### DATA BELOW
▽

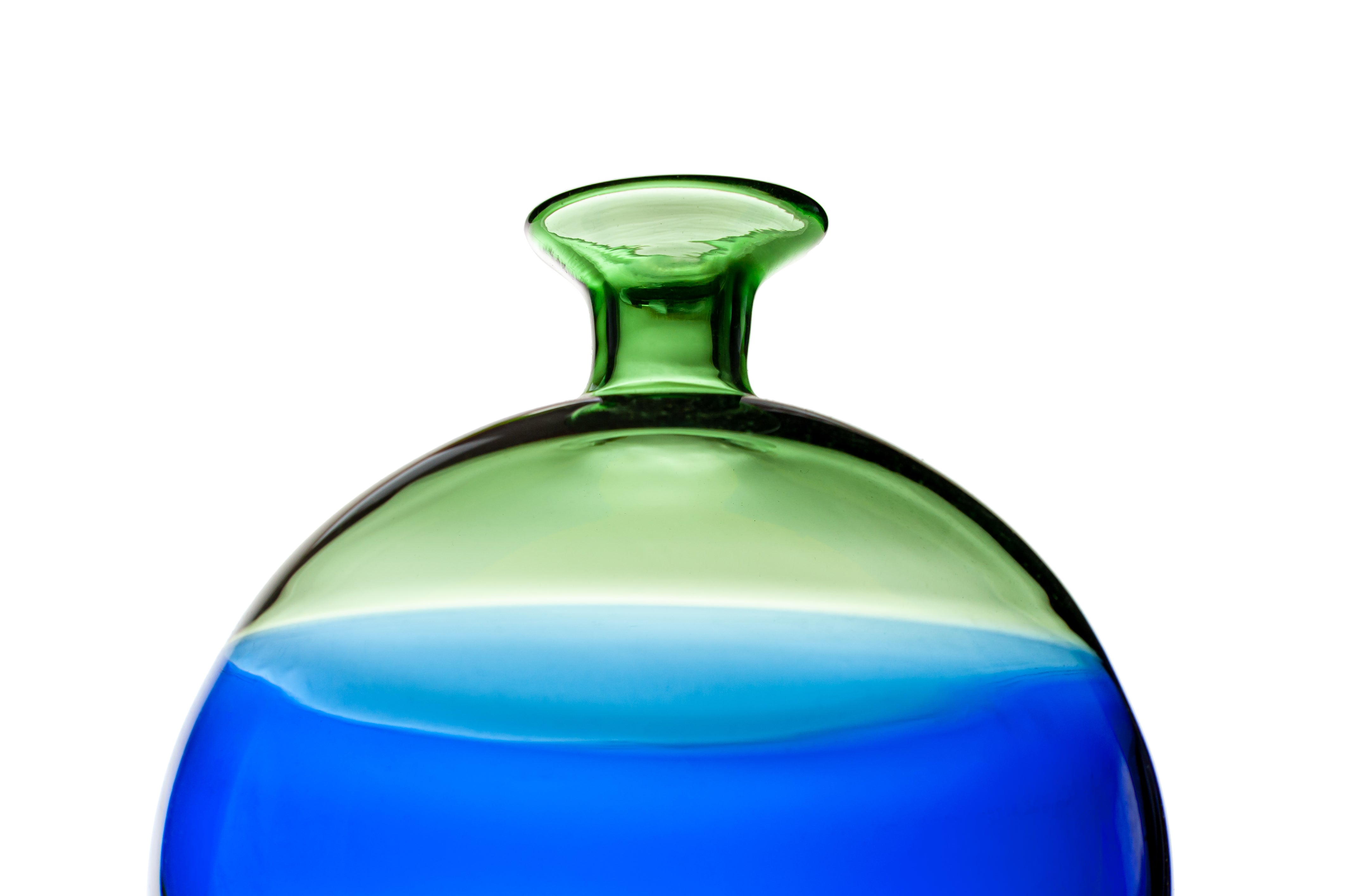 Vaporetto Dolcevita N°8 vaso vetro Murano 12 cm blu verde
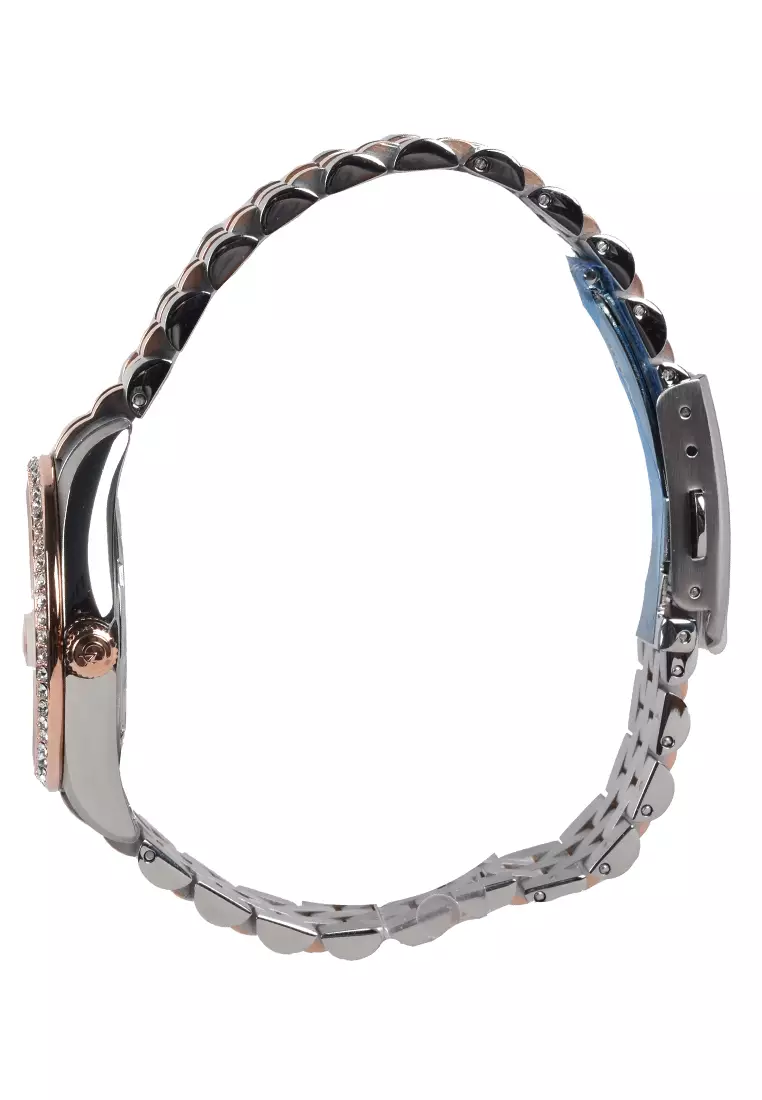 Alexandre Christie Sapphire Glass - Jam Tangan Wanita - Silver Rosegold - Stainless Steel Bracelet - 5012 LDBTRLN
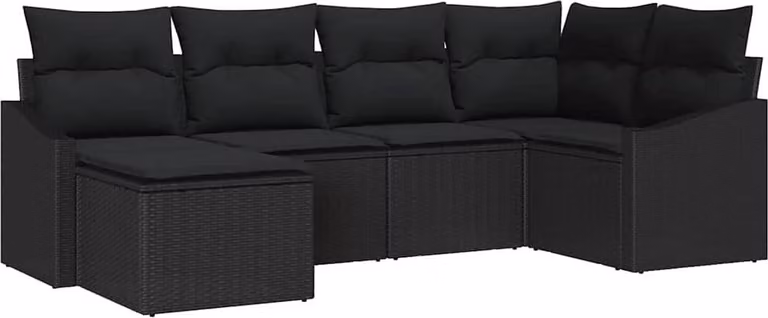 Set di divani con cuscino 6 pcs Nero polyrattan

△

### WORK INSTRUCTIONS
The lines above must be transcribed exactly, with every picture left out.

### YOUR SOLUTION
 Vaporetto Dolcevita N°8 vaso vetro Murano 12 cm blu verde
 Alexandre Christie Sapphire Glass - Jam Tangan Wanita - Silver Rosegold - Stainless Steel Bracelet - 5012 LDBTRLN
 Set di divani con cuscino 6 pcs Nero polyrattan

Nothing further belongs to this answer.